Source material ->

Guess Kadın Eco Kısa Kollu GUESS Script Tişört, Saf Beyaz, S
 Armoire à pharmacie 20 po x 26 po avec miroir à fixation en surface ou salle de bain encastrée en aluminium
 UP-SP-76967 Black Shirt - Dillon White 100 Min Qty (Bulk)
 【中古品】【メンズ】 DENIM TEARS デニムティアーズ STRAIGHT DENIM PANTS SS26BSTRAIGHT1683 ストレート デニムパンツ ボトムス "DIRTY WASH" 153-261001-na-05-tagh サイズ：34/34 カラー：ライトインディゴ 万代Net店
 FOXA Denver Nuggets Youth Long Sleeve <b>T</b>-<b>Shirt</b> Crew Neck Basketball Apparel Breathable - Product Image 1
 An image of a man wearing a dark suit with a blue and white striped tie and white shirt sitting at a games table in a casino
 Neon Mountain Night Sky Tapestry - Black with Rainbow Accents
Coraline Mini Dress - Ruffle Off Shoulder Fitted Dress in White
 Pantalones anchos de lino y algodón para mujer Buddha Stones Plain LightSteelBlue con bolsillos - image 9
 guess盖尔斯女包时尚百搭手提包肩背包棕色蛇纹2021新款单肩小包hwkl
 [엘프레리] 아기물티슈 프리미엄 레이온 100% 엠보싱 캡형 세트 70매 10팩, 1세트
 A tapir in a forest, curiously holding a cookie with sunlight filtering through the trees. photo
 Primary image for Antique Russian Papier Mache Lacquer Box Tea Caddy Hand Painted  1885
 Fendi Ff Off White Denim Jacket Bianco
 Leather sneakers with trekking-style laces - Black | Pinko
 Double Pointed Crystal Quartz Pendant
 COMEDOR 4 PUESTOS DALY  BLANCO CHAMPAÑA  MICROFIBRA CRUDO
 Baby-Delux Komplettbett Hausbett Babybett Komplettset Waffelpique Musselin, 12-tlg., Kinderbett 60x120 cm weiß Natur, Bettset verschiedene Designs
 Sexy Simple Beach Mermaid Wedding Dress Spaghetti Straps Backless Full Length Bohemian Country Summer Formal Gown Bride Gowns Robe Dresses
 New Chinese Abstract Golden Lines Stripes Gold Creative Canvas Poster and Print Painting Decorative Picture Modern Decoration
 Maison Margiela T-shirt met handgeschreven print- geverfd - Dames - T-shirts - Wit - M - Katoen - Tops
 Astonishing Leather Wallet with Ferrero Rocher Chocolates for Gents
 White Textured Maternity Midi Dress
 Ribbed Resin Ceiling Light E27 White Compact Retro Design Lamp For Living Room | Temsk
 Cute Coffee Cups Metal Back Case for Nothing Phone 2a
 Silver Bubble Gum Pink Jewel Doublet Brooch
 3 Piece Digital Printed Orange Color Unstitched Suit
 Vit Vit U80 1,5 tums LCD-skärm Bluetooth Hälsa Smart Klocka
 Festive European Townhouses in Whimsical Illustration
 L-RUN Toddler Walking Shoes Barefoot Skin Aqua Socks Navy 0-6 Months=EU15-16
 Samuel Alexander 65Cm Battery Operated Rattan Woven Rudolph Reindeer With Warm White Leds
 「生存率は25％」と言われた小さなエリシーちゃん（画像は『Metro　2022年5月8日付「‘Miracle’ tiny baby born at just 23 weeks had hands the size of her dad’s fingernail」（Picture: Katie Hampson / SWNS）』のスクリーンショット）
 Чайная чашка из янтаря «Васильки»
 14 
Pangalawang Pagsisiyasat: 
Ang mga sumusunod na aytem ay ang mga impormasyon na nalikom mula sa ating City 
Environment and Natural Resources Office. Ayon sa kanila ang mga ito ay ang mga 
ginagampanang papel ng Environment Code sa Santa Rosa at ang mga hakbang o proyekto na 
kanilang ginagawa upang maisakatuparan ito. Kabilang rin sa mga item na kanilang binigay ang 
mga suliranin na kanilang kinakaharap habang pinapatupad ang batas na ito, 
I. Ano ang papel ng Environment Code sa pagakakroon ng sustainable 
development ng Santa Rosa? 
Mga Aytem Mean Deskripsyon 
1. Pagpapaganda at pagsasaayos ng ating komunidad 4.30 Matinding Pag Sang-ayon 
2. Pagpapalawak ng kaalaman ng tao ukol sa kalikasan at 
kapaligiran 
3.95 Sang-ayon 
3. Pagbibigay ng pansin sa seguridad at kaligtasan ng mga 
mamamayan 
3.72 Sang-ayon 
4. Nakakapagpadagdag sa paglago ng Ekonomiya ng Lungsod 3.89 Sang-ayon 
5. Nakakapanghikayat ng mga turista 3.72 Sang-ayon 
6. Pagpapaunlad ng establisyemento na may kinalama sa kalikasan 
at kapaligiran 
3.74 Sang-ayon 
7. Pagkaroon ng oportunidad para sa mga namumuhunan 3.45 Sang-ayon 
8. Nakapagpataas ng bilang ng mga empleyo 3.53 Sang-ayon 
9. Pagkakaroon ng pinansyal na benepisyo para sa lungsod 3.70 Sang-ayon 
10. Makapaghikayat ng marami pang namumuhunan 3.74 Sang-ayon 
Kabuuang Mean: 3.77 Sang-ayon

Prompt -> Please return exactly the lines from the opening line of the data above through the line with "Festive European Townhouses", both included and nothing else.

Result of this task ->
Guess Kadın Eco Kısa Kollu GUESS Script Tişört, Saf Beyaz, S
 Armoire à pharmacie 20 po x 26 po avec miroir à fixation en surface ou salle de bain encastrée en aluminium
 UP-SP-76967 Black Shirt - Dillon White 100 Min Qty (Bulk)
 【中古品】【メンズ】 DENIM TEARS デニムティアーズ STRAIGHT DENIM PANTS SS26BSTRAIGHT1683 ストレート デニムパンツ ボトムス "DIRTY WASH" 153-261001-na-05-tagh サイズ：34/34 カラー：ライトインディゴ 万代Net店
 FOXA Denver Nuggets Youth Long Sleeve <b>T</b>-<b>Shirt</b> Crew Neck Basketball Apparel Breathable - Product Image 1
 An image of a man wearing a dark suit with a blue and white striped tie and white shirt sitting at a games table in a casino
 Neon Mountain Night Sky Tapestry - Black with Rainbow Accents
Coraline Mini Dress - Ruffle Off Shoulder Fitted Dress in White
 Pantalones anchos de lino y algodón para mujer Buddha Stones Plain LightSteelBlue con bolsillos - image 9
 guess盖尔斯女包时尚百搭手提包肩背包棕色蛇纹2021新款单肩小包hwkl
 [엘프레리] 아기물티슈 프리미엄 레이온 100% 엠보싱 캡형 세트 70매 10팩, 1세트
 A tapir in a forest, curiously holding a cookie with sunlight filtering through the trees. photo
 Primary image for Antique Russian Papier Mache Lacquer Box Tea Caddy Hand Painted  1885
 Fendi Ff Off White Denim Jacket Bianco
 Leather sneakers with trekking-style laces - Black | Pinko
 Double Pointed Crystal Quartz Pendant
 COMEDOR 4 PUESTOS DALY  BLANCO CHAMPAÑA  MICROFIBRA CRUDO
 Baby-Delux Komplettbett Hausbett Babybett Komplettset Waffelpique Musselin, 12-tlg., Kinderbett 60x120 cm weiß Natur, Bettset verschiedene Designs
 Sexy Simple Beach Mermaid Wedding Dress Spaghetti Straps Backless Full Length Bohemian Country Summer Formal Gown Bride Gowns Robe Dresses
 New Chinese Abstract Golden Lines Stripes Gold Creative Canvas Poster and Print Painting Decorative Picture Modern Decoration
 Maison Margiela T-shirt met handgeschreven print- geverfd - Dames - T-shirts - Wit - M - Katoen - Tops
 Astonishing Leather Wallet with Ferrero Rocher Chocolates for Gents
 White Textured Maternity Midi Dress
 Ribbed Resin Ceiling Light E27 White Compact Retro Design Lamp For Living Room | Temsk
 Cute Coffee Cups Metal Back Case for Nothing Phone 2a
 Silver Bubble Gum Pink Jewel Doublet Brooch
 3 Piece Digital Printed Orange Color Unstitched Suit
 Vit Vit U80 1,5 tums LCD-skärm Bluetooth Hälsa Smart Klocka
 Festive European Townhouses in Whimsical Illustration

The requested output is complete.